Although he is just 22, Andrew Zeller is a fourth-year Ph.D. candidate in mathematics at Purdue University. He is one reason the school is a rare exception to the rule of unreason on American campuses, where freedom of speech is under siege. He and Purdue are evidence that freedom of speech, by which truth is winnowed from error, is most reliably defended by those in whose intellectual pursuits the truth is most rigorously tested by reality.
While in high school in Bowling Green, Ohio, Zeller completed three years of college undergraduate courses. He arrived at Purdue when its incoming president, Indiana’s former Gov. Mitch Daniels, wanted the university to receive the top “green light” rating from the Foundation for Individual Rights in Education (FIRE), which combats campus restrictions on speech and rates institutions on their adherence to constitutional principles.
Zeller, president of Purdue’s graduate student government, and some undergraduate leaders urged Daniels to do what he was eager to do: Purdue has become the second university (after Princeton) to embrace the essence of the statement from the University of Chicago that affirms the principle that “education should not be intended to make people comfortable, it is meant to make them think.” The statement says “it is not the proper role of the university to attempt to shield individuals from ideas and opinions they find unwelcome, disagreeable or even deeply offensive,” and it endorses “a solemn responsibility not only to promote a lively and fearless freedom of debate and deliberation, but also to protect that freedom when others attempt to restrict it.”

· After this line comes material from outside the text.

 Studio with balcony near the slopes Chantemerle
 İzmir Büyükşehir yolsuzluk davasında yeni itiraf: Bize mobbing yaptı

Why is Purdue one of just six universities that have now aligned with the spirit of the Chicago policy? Partly because of Daniels’ leadership. But also because Purdue, Indiana’s land-grant institution, is true to the 1862 Morrill Act’s emphasis on applied learning. It graduates more engineers than any U.S. university other than Georgia Tech. Purdue, tied with the University of California-Berkeley, awards more STEM (science, technology, engineering, mathematics) undergraduate diplomas than all but two public research universities (Penn State and Texas A&M). Among such universities, a higher percentage of Purdue students graduate in STEM fields than those of any school other than Georgia Tech and the University of California, San Diego.